A: That formula is just called the "Distance formula", or sometimes the "Euclidean distance formula". It is just an application of the Pythagorean theorem.
Your problem is here:

$$F'(x) = 2(x-0)(1) + 2(2-x^2)(-1)$$

(But first of all, surely you know $x - 0 = x$. Why did you keep that $-\ 0$ around?)

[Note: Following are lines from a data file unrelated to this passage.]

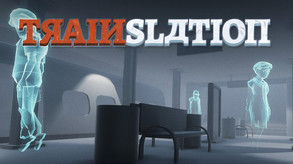 Main Trailer trailer thumbnail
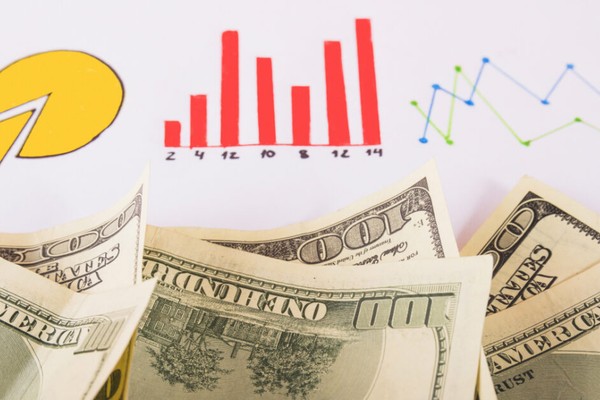 Hình ảnh mô tả các quy định GDPR của Châu Âu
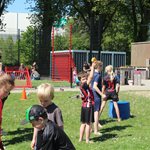 2026-04-29_wildert_games_018.jpg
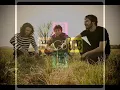Good Old War - Better Weather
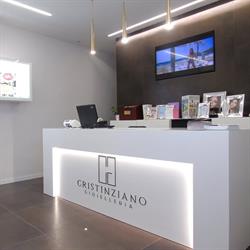 Cristinziano Gioielleria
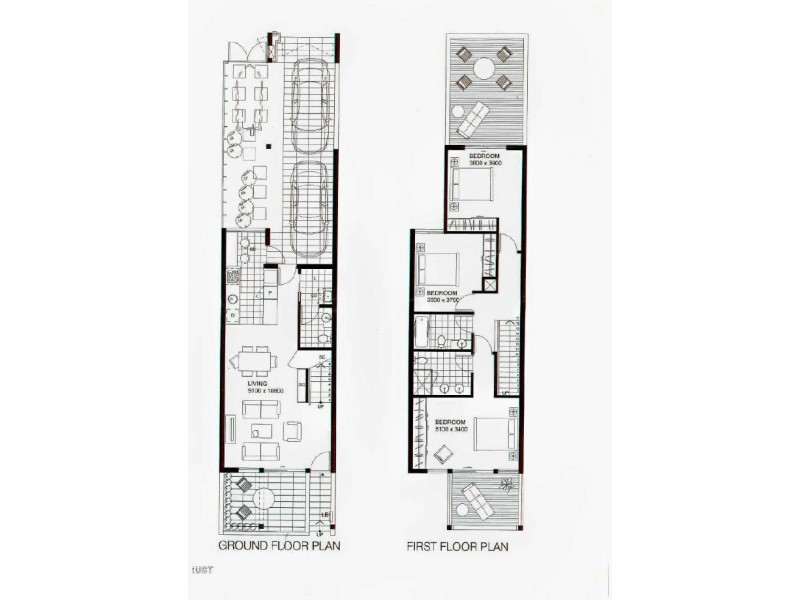 5 Kudlyo Close, Newport Quays, Port Adelaide SA 5015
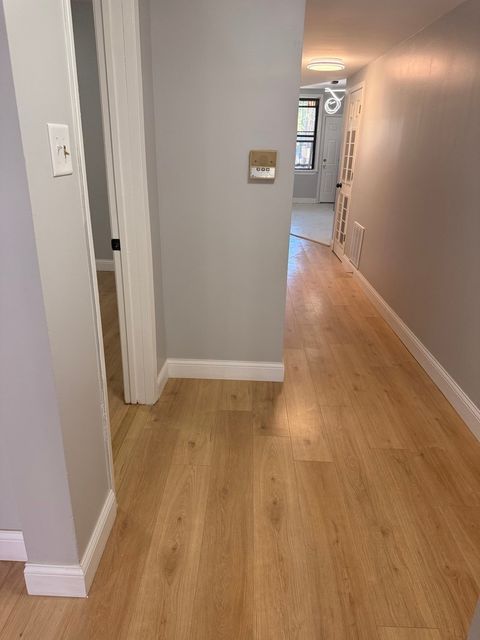 Tiny photo for 6737 S East End Avenue #1N, Chicago, IL 60649 (MLS # 12524705)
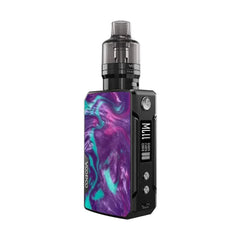 Voopoo Drag Mini Refresh Edition - Click & Vape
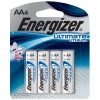 Energizer Ultimate Lithium™ AA Battery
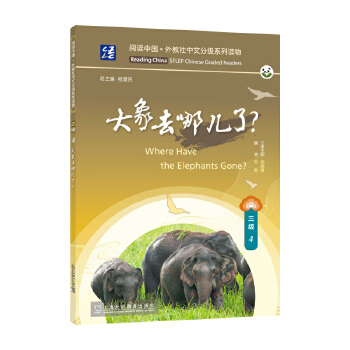  xЇ  ķּϵx 4 ȥă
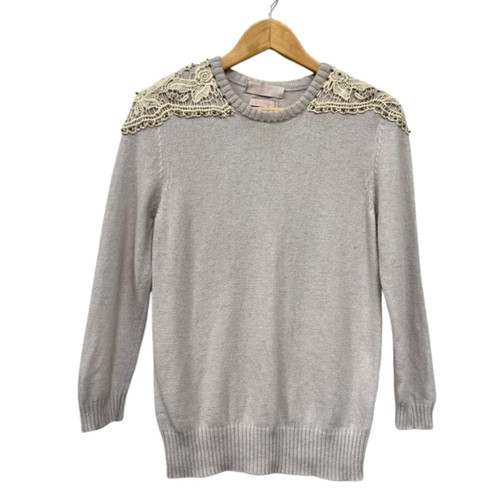 Gharani strock pull - pull, À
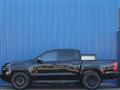 2026 Mitsubishi Triton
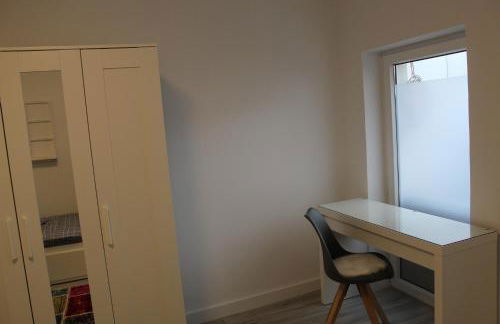 Welcome-Home-Radeberg - Foto 26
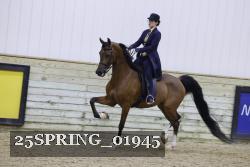 25SPRING_01945 thumbnail
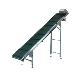 オークラ輸送機（株） ファインコンベヤ FBK ファインコンベヤ FBK20H100A24X09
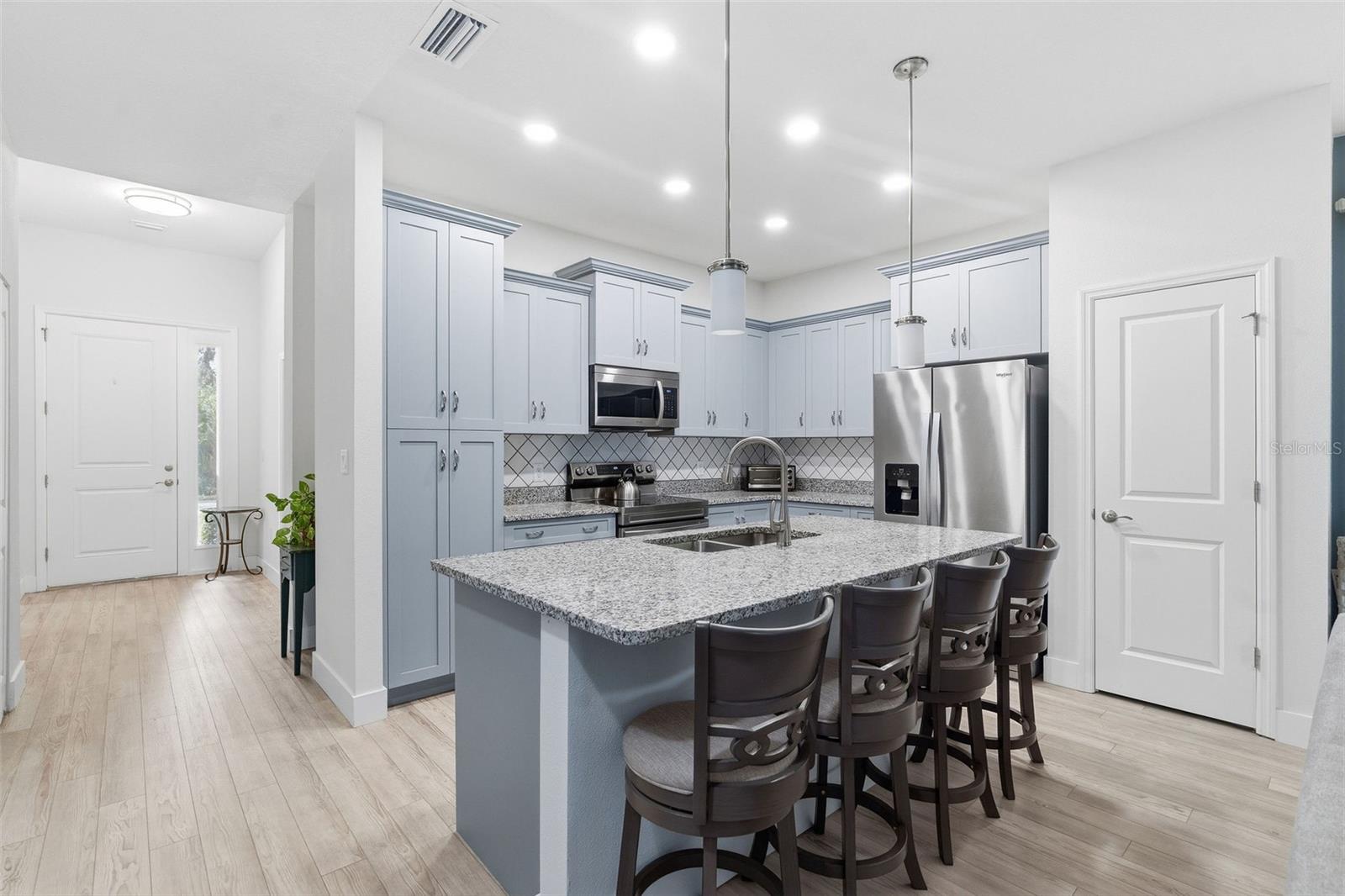 132 51ST STREET CIR E, PALMETTO, FL, 34221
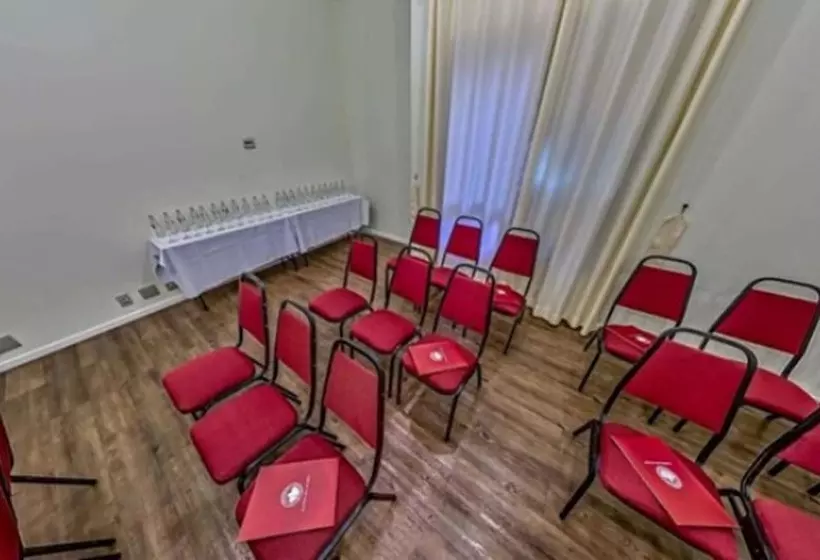 Fotos del hotel Massis:  17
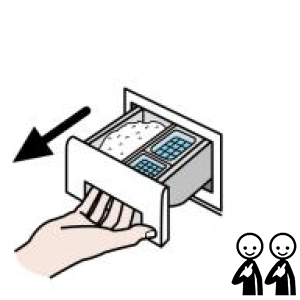 Arasaac 150-c33d8429fdcd91f79873340099240d7e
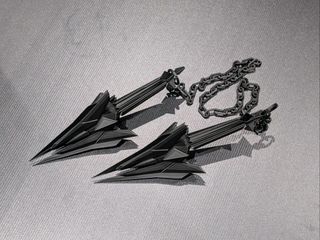 (Category: ) located in . Submitted by rendersg (Listing ID 1451912167, Image 1). Description: .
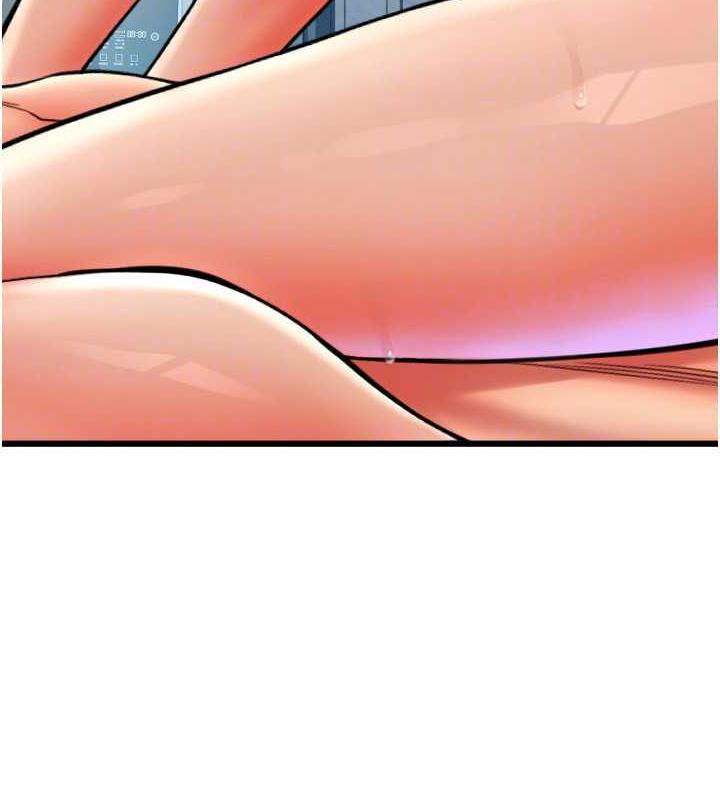 181.jpg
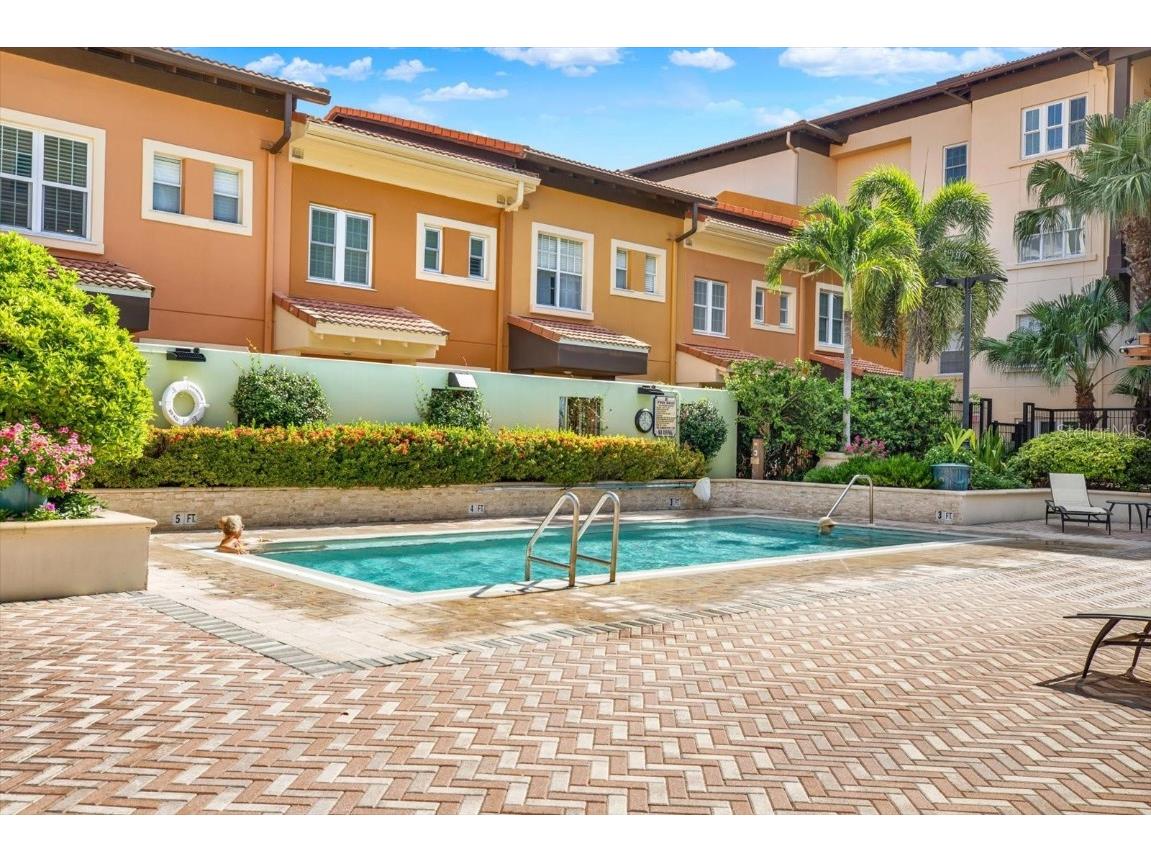100 4th Avenue S #229 Saint Petersburg FL 33701 TB8415416 image30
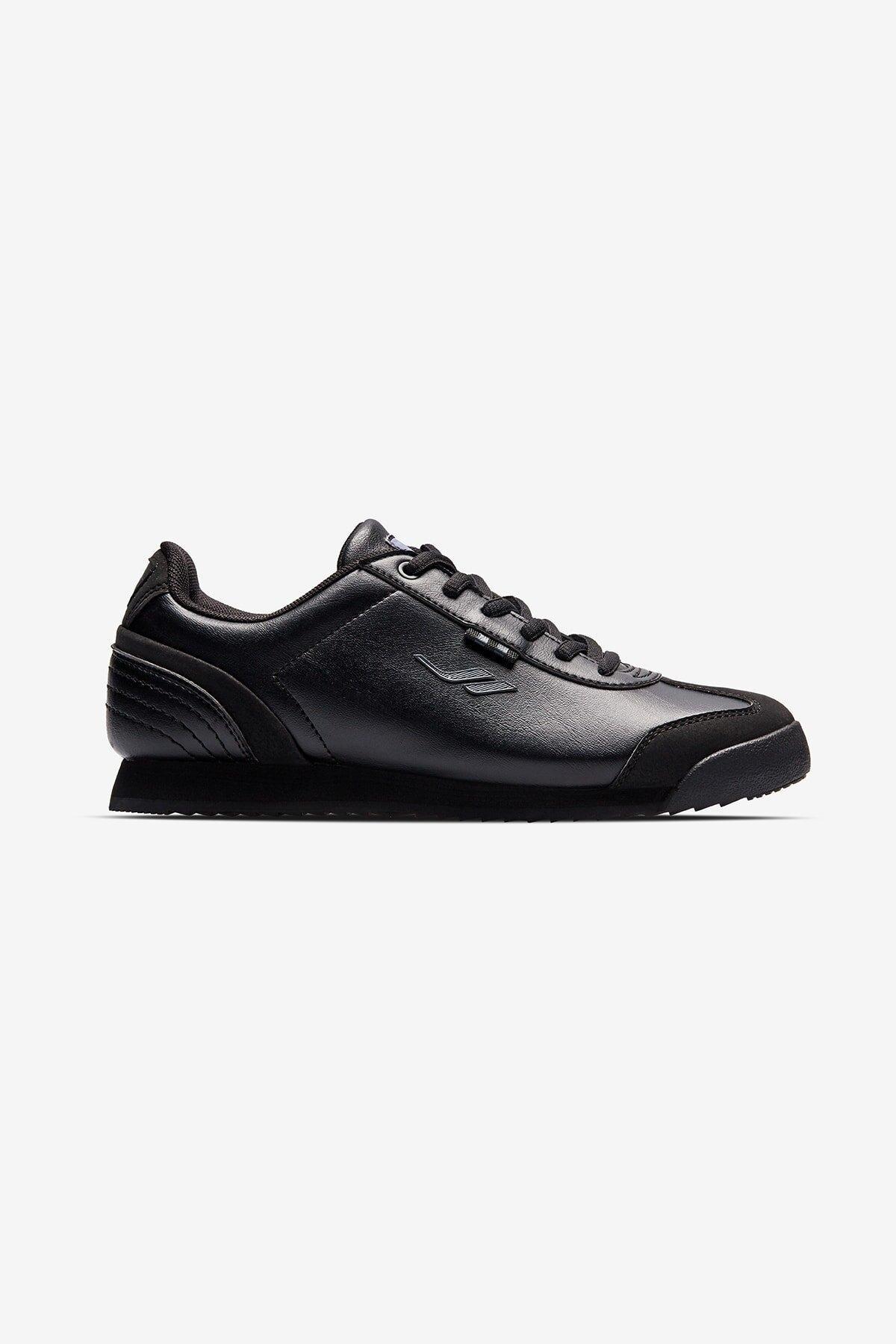 Wınner-3 Sneakers Ayakkabı	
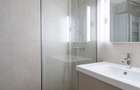 Apartament premium 4 camere - 10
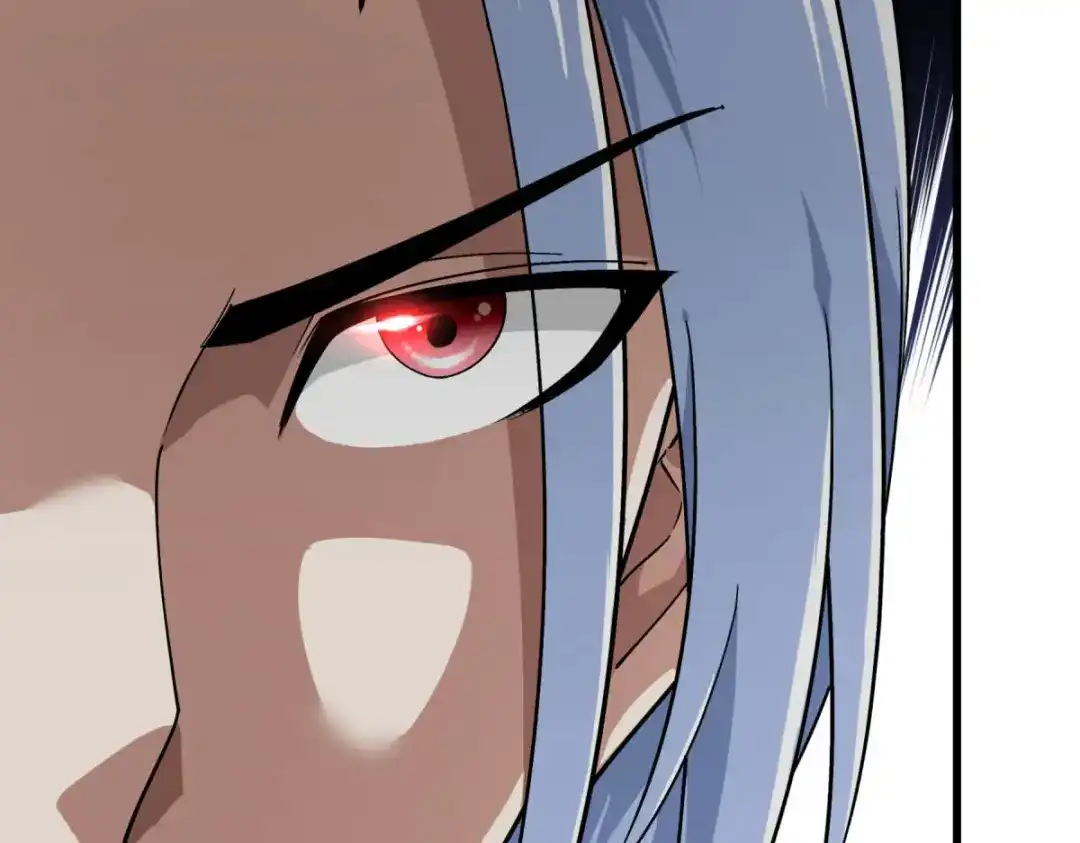 重生之我是大天神 - 第175话：贪狼 - 第127张图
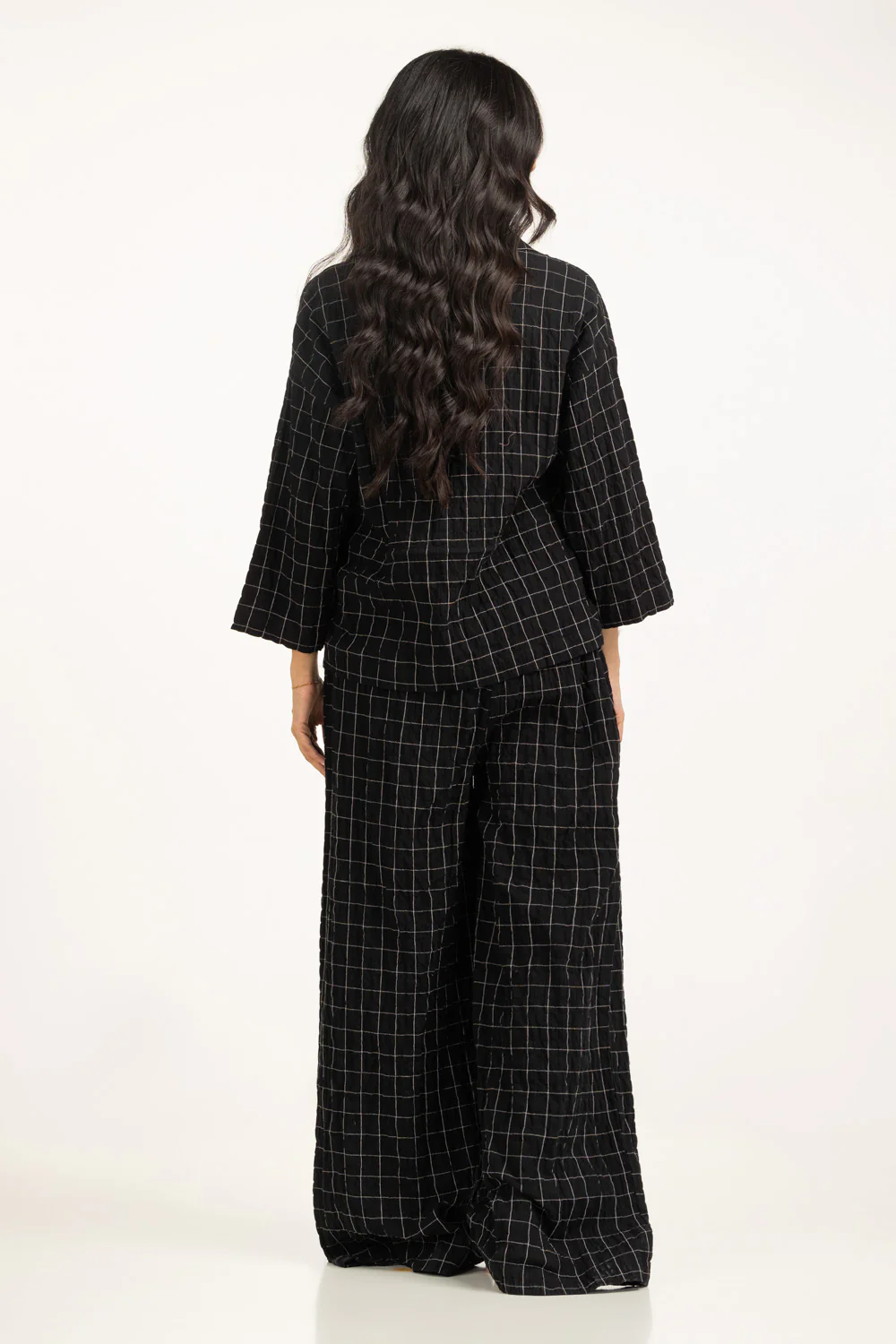 Regular Fit Top - Image 7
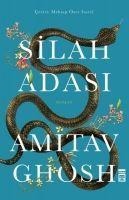 Silah Adasi - Amitav Ghosh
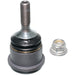 Suspension Ball Joint RareParts 11523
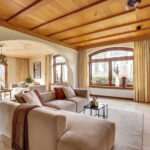 De Kade 15 – Foto 34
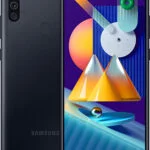 SAMSUNG GALAXY m11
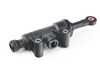 ES#3413592 - 99642317108 - Clutch Master Cylinder - Restore clutch pedal feel - Genuine Porsche - Porsche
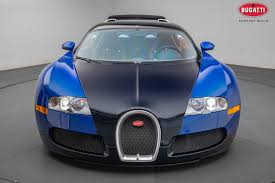 Image result for Blue Vela 2008 146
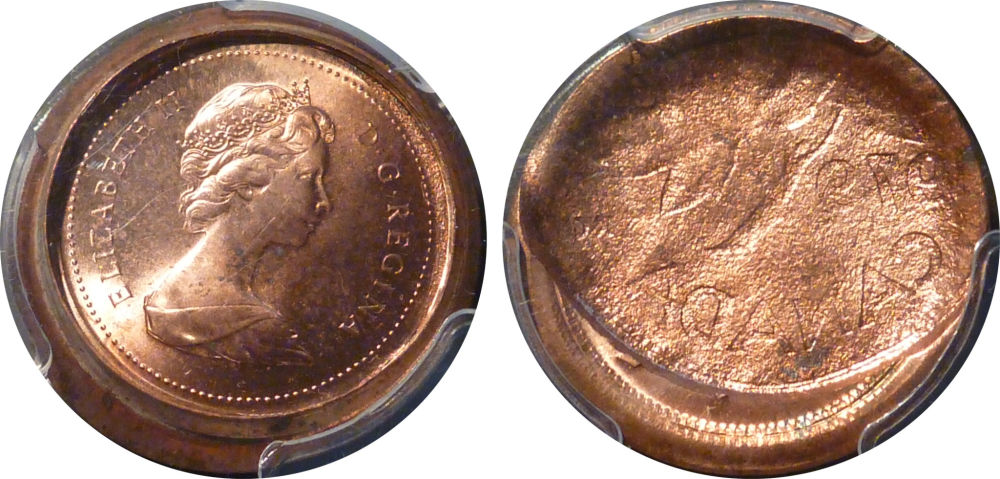 1c-1979-Mated-Pair...-And-More?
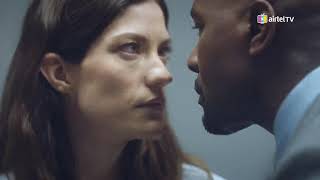 The Enemy Within S1 - Airtel TV screenshot 2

The chain rule applied to the second term of $F(x)$ is:
$$\frac{d(2-x^2)^2}{dx} = \frac{d(u^2)}{du}\frac{du}{dx}$$ where $u = 2 - x^2$
$$\frac{d(u^2)}{du} = 2u$$
$$\frac{du}{dx}= \frac{d}{dx}(2 - x^2) = 0-2x=-2x$$
Therefore
$$\frac{d(2-x^2)^2}{dx} = 2u(-2x)= -4ux = -4(2 - x^2)x$$
So $$F'(x) = 2x -4x(2 - x^2)$$
A: If A=(0,2), and B=(a,b) a point of y=4-x^2, then AB is minimum when vector AB is normal to curve. dy/dx=-2a => m=1/2a, but (b-2)/a=1/2a => b=5/2.